Der Bundesrat hat am Freitag das Job-Aqtiv-Gesetz passieren lassen, das am 1. Januar in Kraft treten soll. Das Gesetz soll die Stellenvermittlung für Arbeitslose zügiger und effektiver machen. Die Qualifizierung auch älterer Beschäftigter wird erleichtert.

ap BERLIN. "Aqtiv" steht für "aktivieren, qualifizieren, trainieren, investieren und vermitteln". Nach dem Prinzip Fördern und Fordern wird vom Arbeitssuchenden künftig mehr Einsatz verlangt. Um Langzeitarbeitslosigkeit zu vermeiden, können manche Instrumente künftig sofort eingesetzt werden, während sie bisher erst nach einem Jahr ohne Job angewandt werden konnten.

Das Arbeitsamt ist gehalten, möglichst früh eingehend zu beraten und einen für beide Seiten verbindlichen Eingliederungsplan zu erarbeiten. Dafür gibt es insgesamt 3000 Vermittler mehr als bisher. Arbeitslosen, die bei einem Jobangebot nicht sofort einen Vorstellungstermin ausmachen oder einen Termin versäumen, wird für drei Monate das Arbeitslosengeld gesperrt.
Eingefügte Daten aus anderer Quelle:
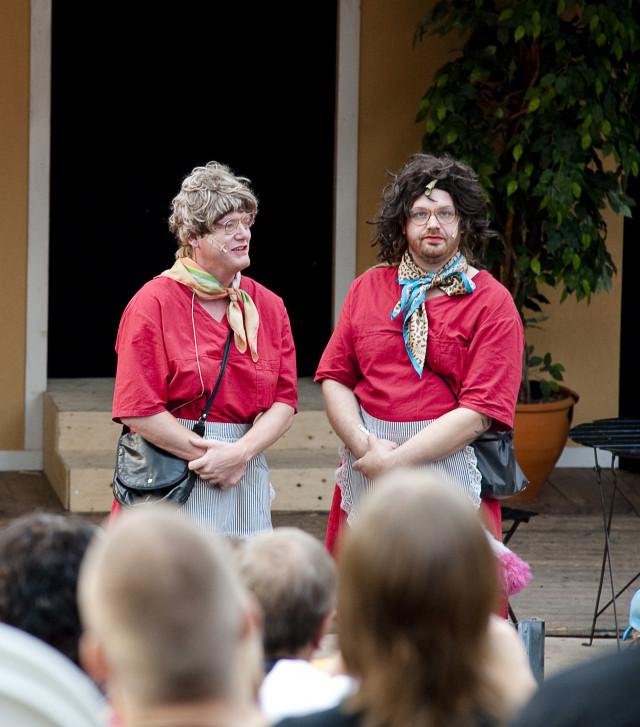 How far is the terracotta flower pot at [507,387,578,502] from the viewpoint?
5.79m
Verstärkt wird auch die Qualifizierung und Vermittlung älterer Arbeitnehmer. An die Gemeinden richtet sich das Angebot der "beschäftigungsschaffenden Infrastrukturförderung". Danach können Kommunen Zuschüsse für Arbeiten bekommen, wenn sie sie an Firmen vergeben, die dafür Arbeitslose einstellen. Kritiker sehen darin die Gefahr eines Verdrängungswettbewerbs.
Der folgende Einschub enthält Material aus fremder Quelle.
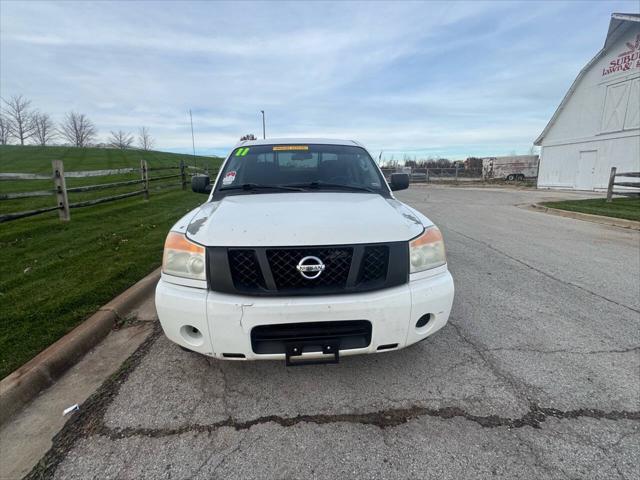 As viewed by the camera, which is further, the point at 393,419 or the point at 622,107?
the point at 622,107

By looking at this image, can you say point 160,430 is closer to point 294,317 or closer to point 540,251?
point 294,317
Mehr Beschäftigung soll auch die Jobrotation bringen: Freistellung von Beschäftigten für Weiterbildung und die vorübergehende Einstellung eines Arbeitslosen als Ersatz. Änderungen gibt es auch bei der Zeitarbeit. Die Überlassungsdauer eines Leiharbeitnehmers wird von einem auf zwei Jahre verdoppelt. Damit Frauen nicht Gefahr laufen, während der Babypause ihren zuvor erworbenen Anspruch auf Arbeitslosengeld zu verlieren, wird Erziehungs- mit Erwerbsarbeit faktisch gleichgestellt.